* PROBLEM STATEMENT
Retype the material exactly, ending with the line containing "a bathroom with a toilet and a shower".

•••

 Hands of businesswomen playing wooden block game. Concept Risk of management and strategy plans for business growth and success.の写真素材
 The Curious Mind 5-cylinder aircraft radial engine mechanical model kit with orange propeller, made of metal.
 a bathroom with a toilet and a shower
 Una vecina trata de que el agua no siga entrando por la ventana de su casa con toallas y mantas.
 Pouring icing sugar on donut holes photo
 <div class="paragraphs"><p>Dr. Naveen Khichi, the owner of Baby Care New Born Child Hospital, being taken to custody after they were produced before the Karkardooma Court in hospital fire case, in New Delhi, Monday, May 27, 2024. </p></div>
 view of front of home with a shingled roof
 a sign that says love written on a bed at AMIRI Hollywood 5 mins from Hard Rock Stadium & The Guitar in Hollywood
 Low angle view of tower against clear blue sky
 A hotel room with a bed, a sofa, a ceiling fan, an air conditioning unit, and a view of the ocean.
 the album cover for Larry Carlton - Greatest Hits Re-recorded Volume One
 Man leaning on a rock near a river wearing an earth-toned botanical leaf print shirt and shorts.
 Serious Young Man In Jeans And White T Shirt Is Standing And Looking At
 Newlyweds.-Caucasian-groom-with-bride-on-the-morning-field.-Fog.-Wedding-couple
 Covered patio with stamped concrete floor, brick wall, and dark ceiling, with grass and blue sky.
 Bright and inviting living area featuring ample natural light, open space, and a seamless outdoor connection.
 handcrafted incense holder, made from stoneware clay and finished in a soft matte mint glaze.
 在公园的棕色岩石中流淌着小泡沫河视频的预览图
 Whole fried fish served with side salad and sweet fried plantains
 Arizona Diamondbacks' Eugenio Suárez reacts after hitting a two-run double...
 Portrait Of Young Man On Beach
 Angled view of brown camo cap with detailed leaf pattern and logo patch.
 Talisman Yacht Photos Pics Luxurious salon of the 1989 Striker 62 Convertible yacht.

•••

* WORKED SOLUTION
 Hands of businesswomen playing wooden block game. Concept Risk of management and strategy plans for business growth and success.の写真素材
 The Curious Mind 5-cylinder aircraft radial engine mechanical model kit with orange propeller, made of metal.
 a bathroom with a toilet and a shower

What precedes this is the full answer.